(Web page caption snippets)

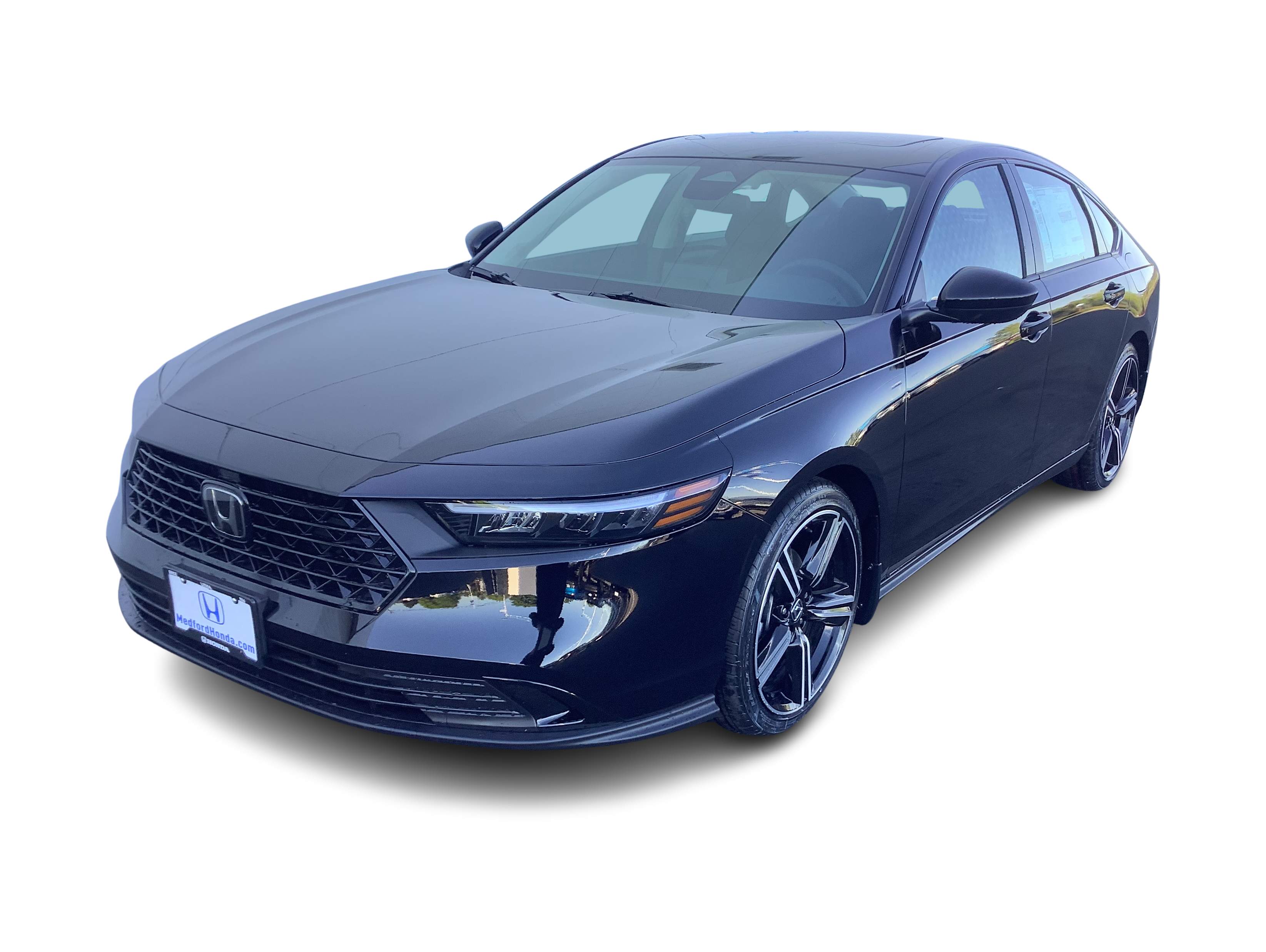 Thumbnail: 2026 Honda Accord - 1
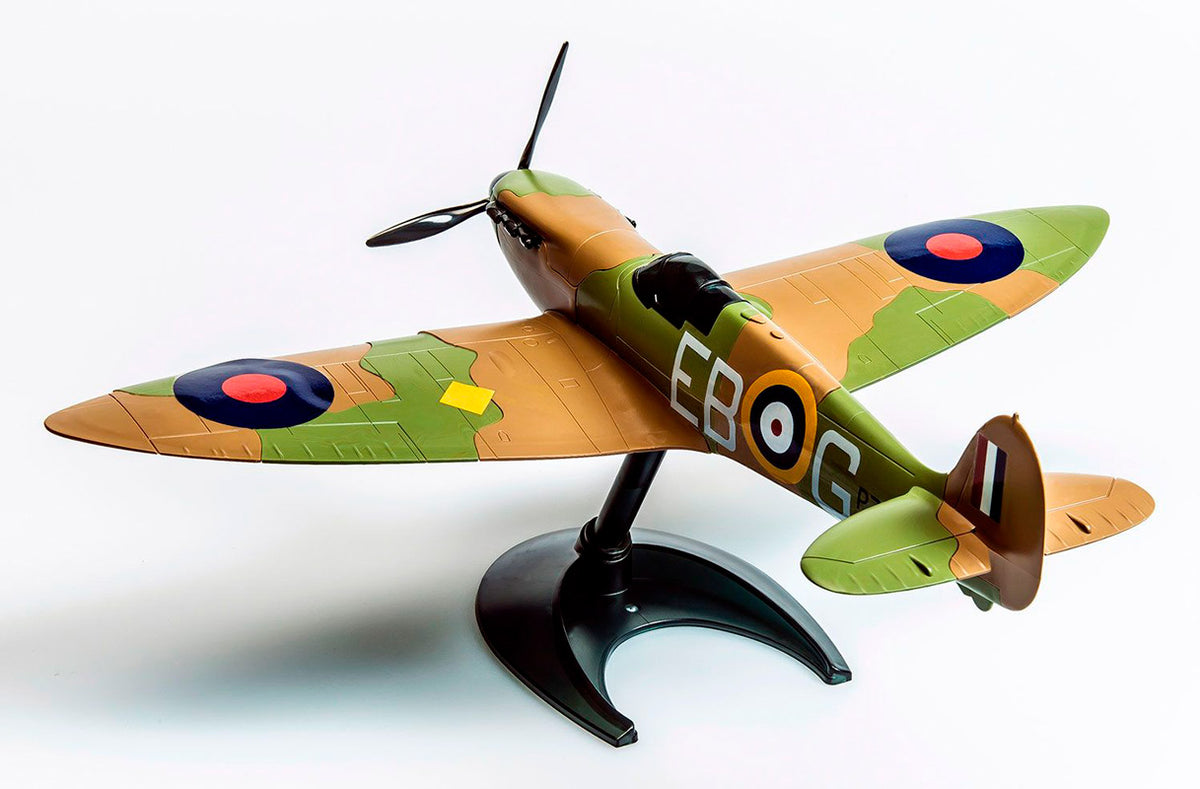 Airfix Spitfire - Quick Build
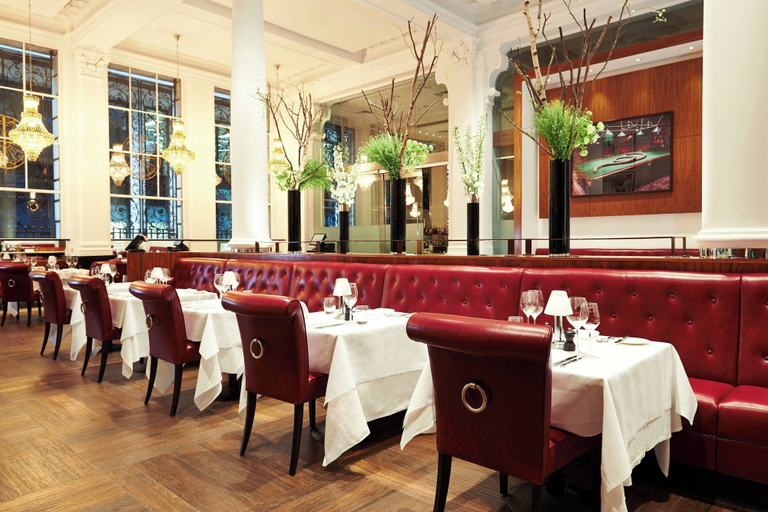 Food & Drinks 5, Threadneedles, Autograph Collection, London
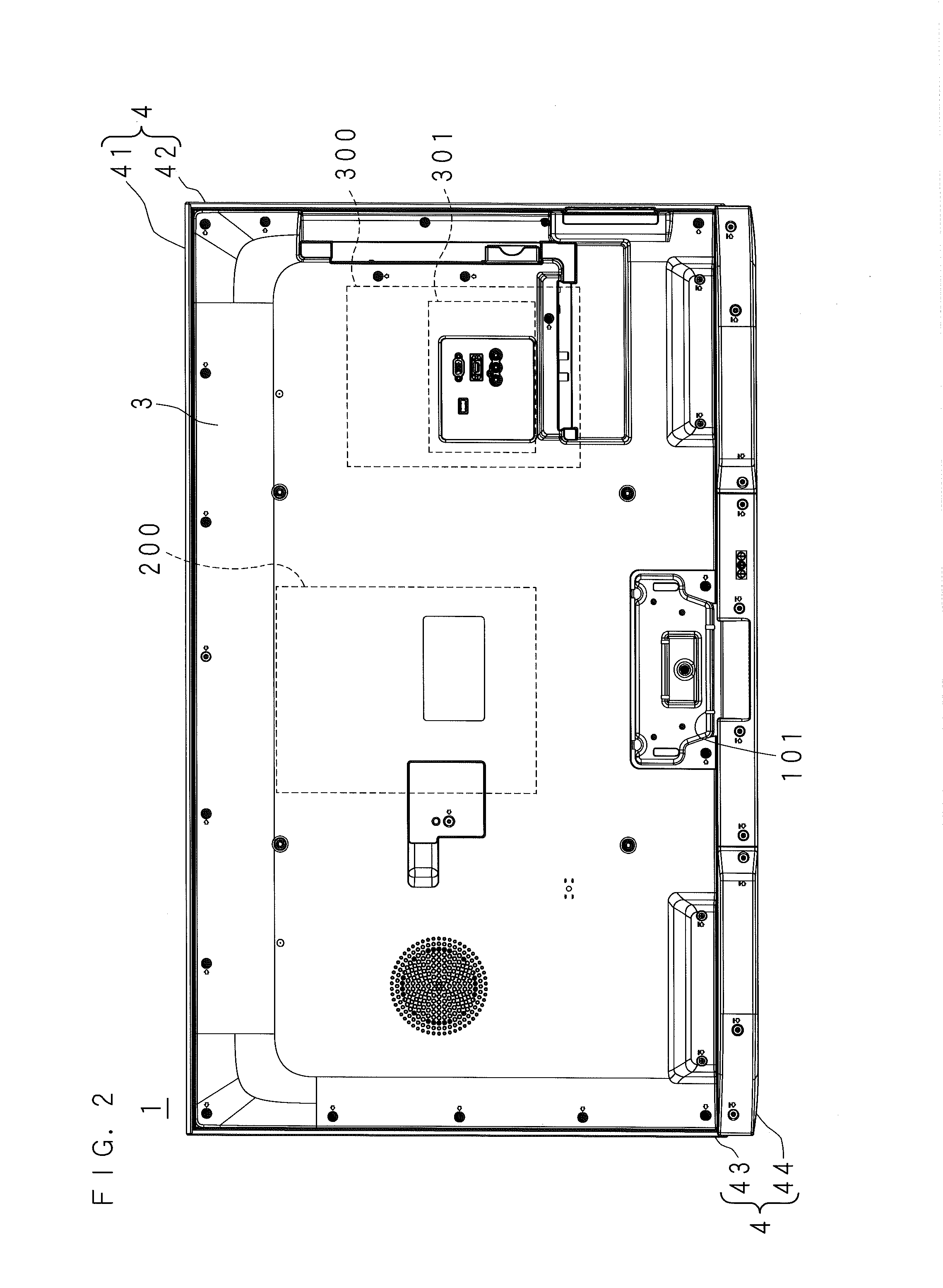 Liquid crystal display apparatus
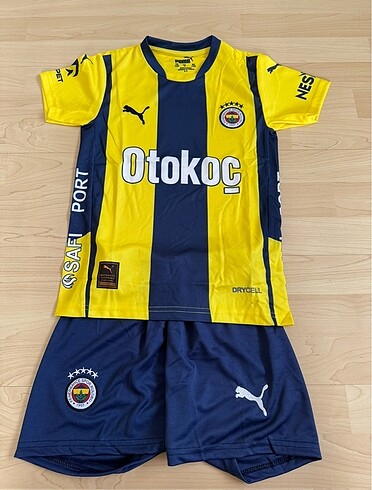 Fenerbahçe Çubuklu Forma X Small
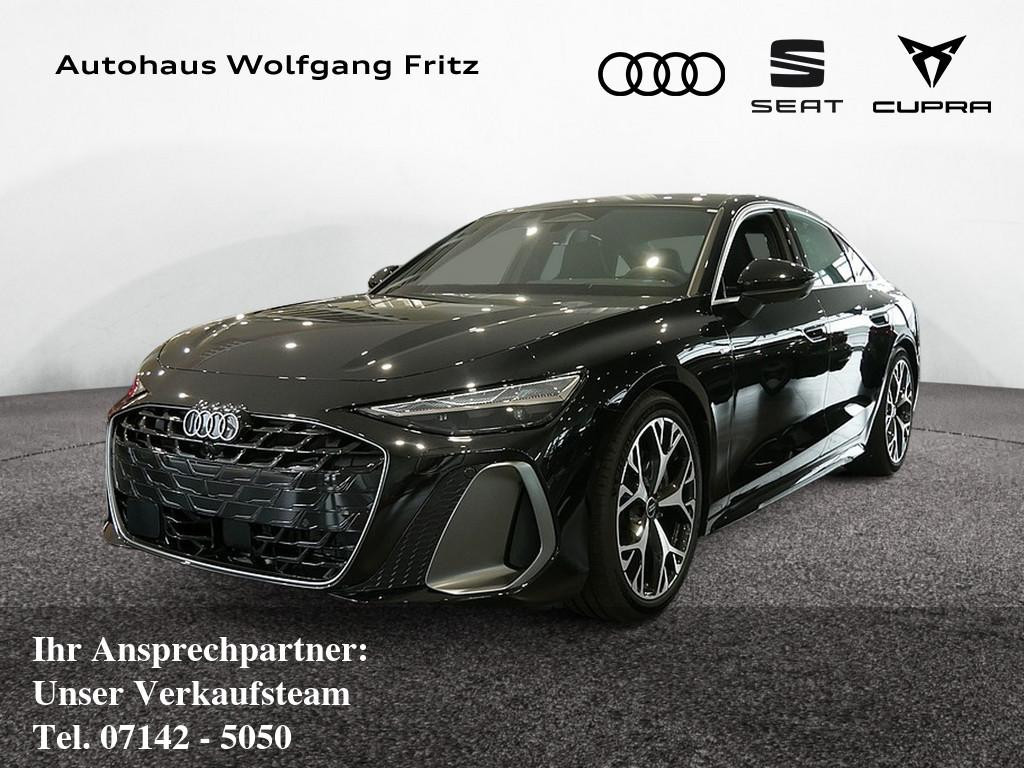 Audi A6 Sedan Quattro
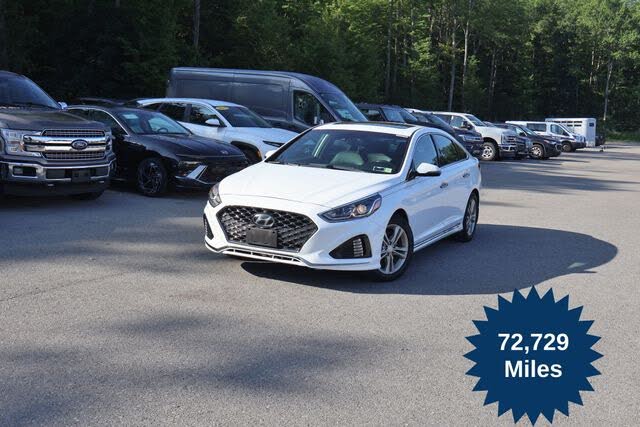 2019 Hyundai Sonata SEL
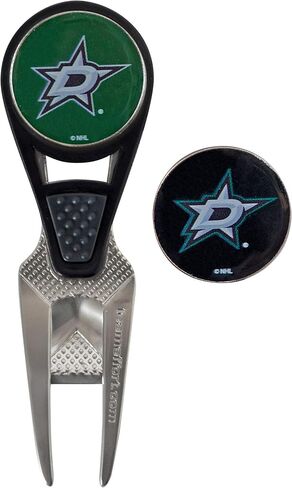 NHL CVX Ball Mark Repair Tool & 2 Ball Markers in Saudi Arabia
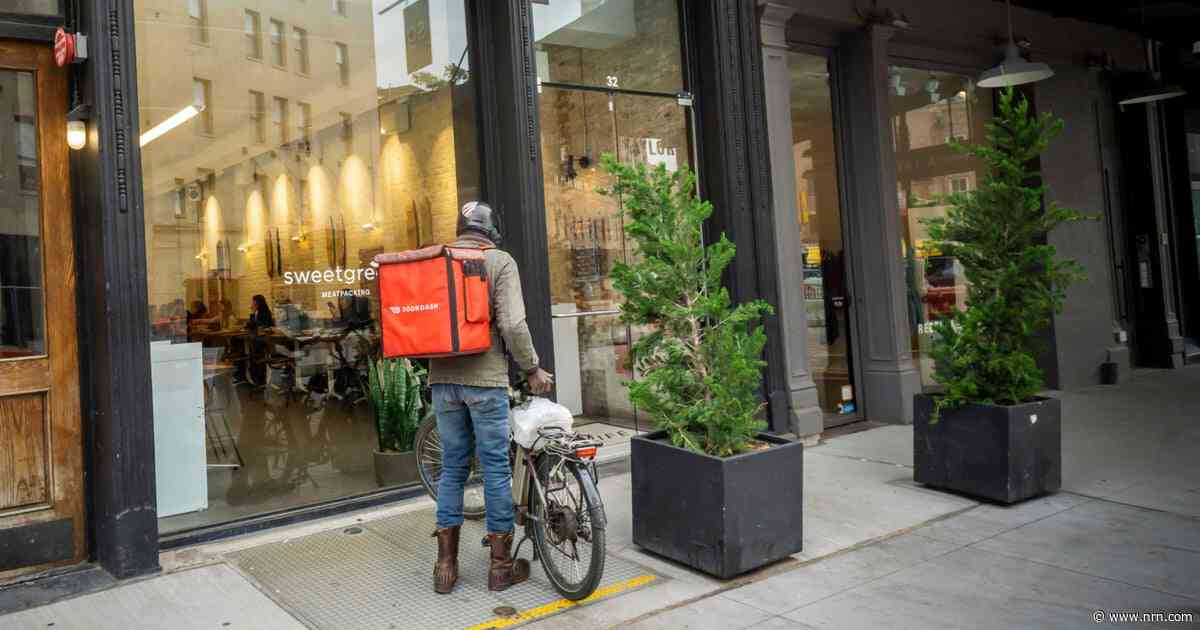 DoorDash reaches $131.5M settlement with NYC over courier pay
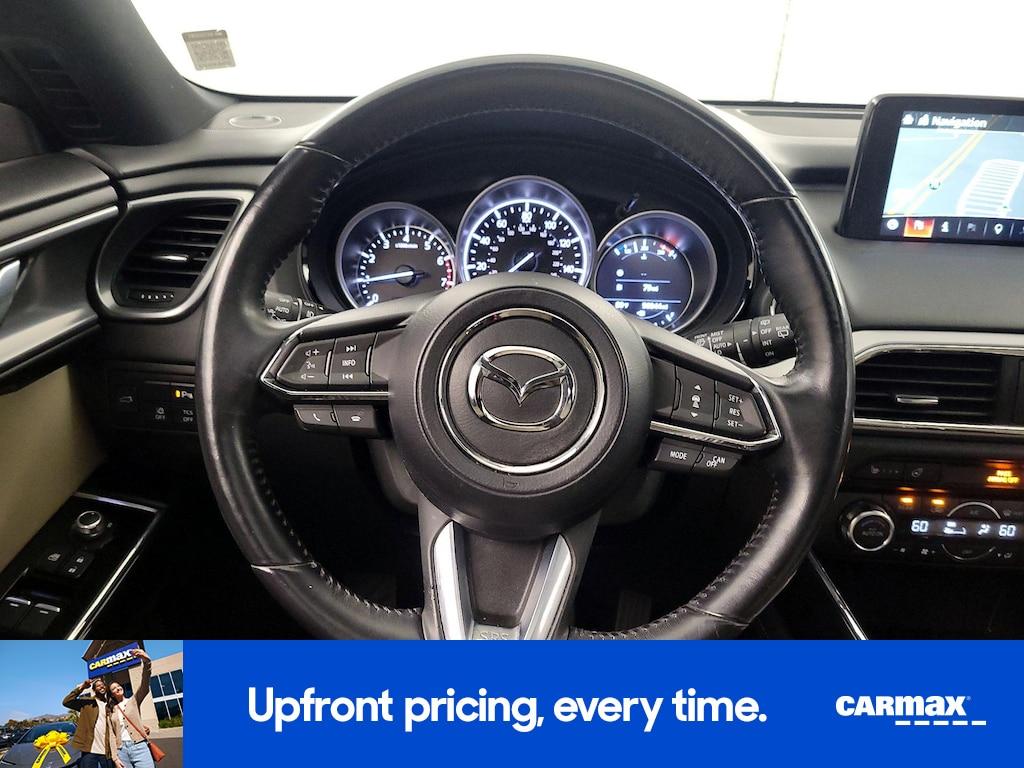 used 2018 Mazda CX-9 car, priced at $23,998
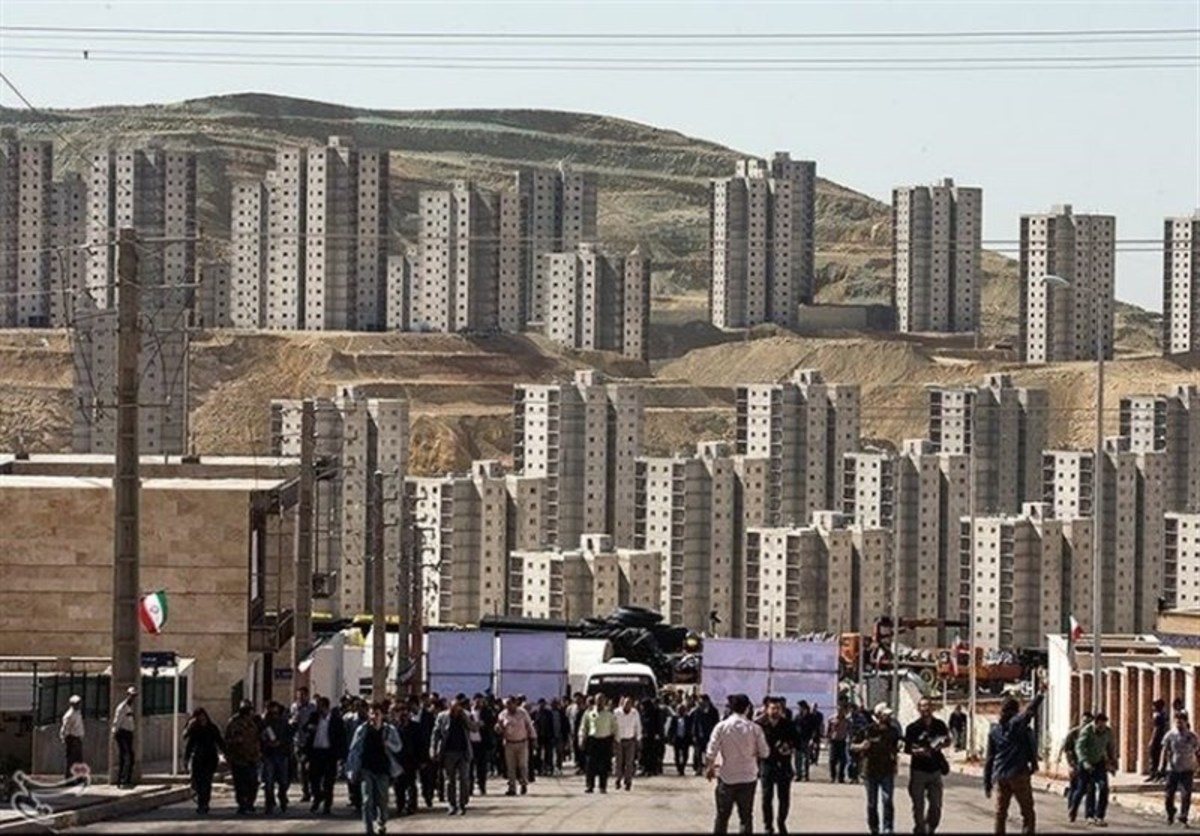 درآمد ۱۵۵۰ میلیارد تومانی شرکت عمران پریس در سال ۹۹،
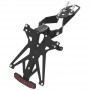 LighTech Adjustable License Plate Holder Kit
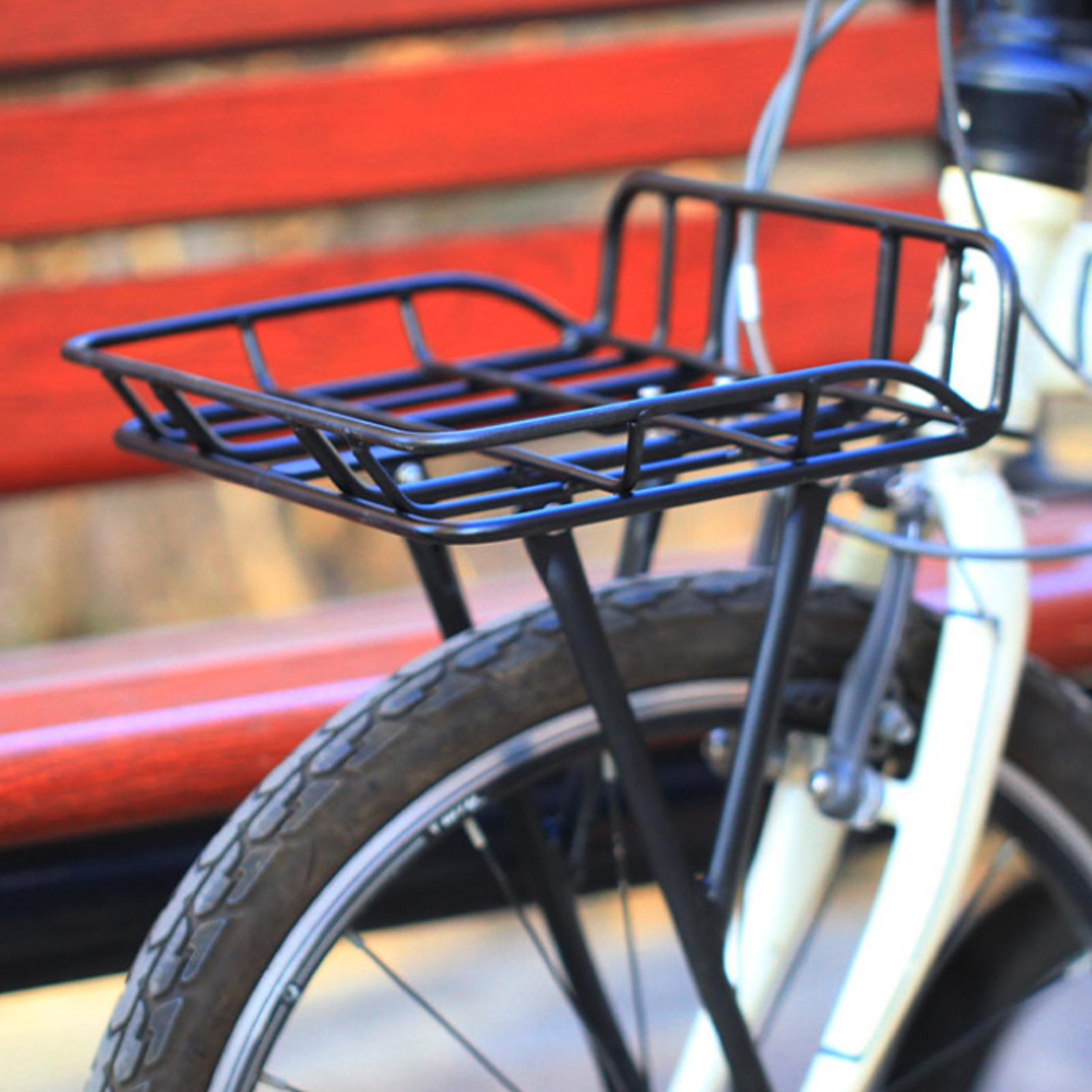 Panier de vélo avant à dégagem - Cycling Commuter avis et prix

◆ Exercise requirements
Please copy only the lines from the one that contains "Audi A6 Sedan Quattro" through the last line of the records, exactly, and keep every picture out of the copy.

◆ Written reply
 Audi A6 Sedan Quattro
 2019 Hyundai Sonata SEL
 NHL CVX Ball Mark Repair Tool & 2 Ball Markers in Saudi Arabia
 DoorDash reaches $131.5M settlement with NYC over courier pay
 used 2018 Mazda CX-9 car, priced at $23,998
 درآمد ۱۵۵۰ میلیارد تومانی شرکت عمران پریس در سال ۹۹،
 LighTech Adjustable License Plate Holder Kit
 Panier de vélo avant à dégagem - Cycling Commuter avis et prix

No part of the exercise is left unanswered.